The task = Would you copy every record exactly as it stands and drop the pictures?

Provided records =
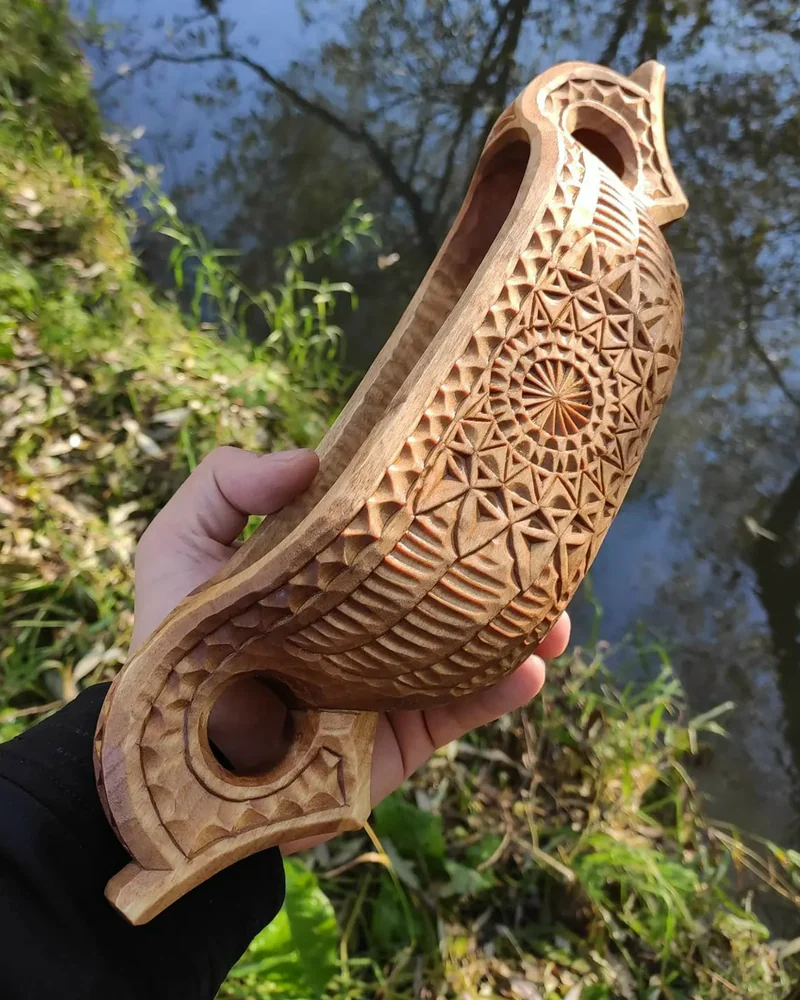 Резной славянский ковш Коники из осины/липы 500-600мл — Коричневый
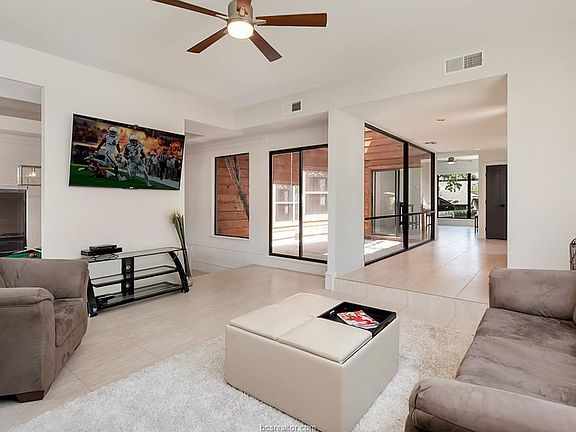 4th image of 8505 Amethyst Ct
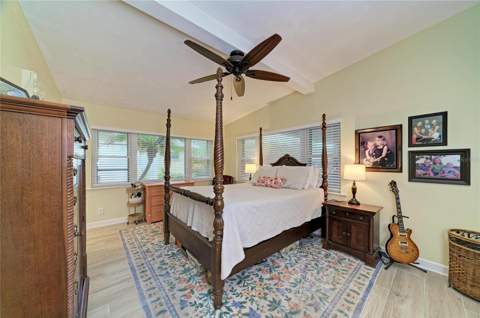 126 Holly Avenue, Sarasota FL - photo 19 of 39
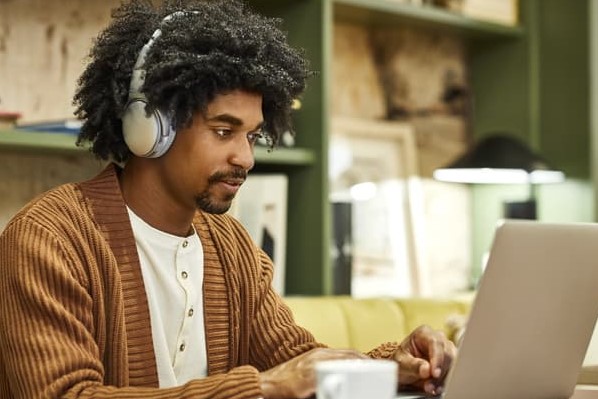 From custom graphics to original data and unique content, here are five trends <a href="/HubSpot/">HubSpot</a> blog leaders say marketers should incorporate into their blogging strategy. bit.ly/3UHPBce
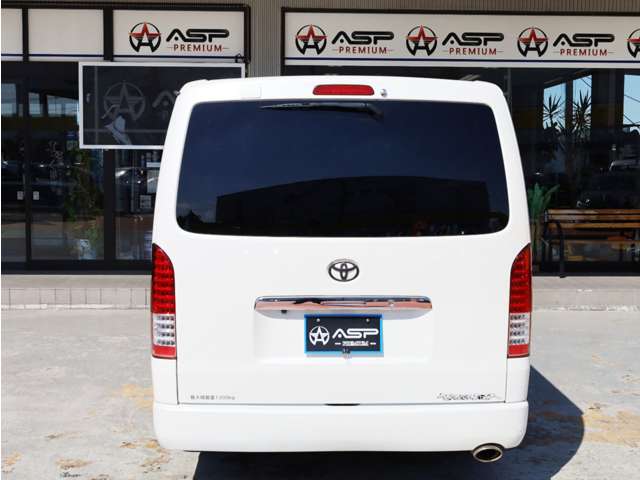Toyota Hiace Van 12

Output for this exercise =
 Резной славянский ковш Коники из осины/липы 500-600мл — Коричневый
 4th image of 8505 Amethyst Ct
 126 Holly Avenue, Sarasota FL - photo 19 of 39
 From custom graphics to original data and unique content, here are five trends <a href="/HubSpot/">HubSpot</a> blog leaders say marketers should incorporate into their blogging strategy. bit.ly/3UHPBce
Toyota Hiace Van 12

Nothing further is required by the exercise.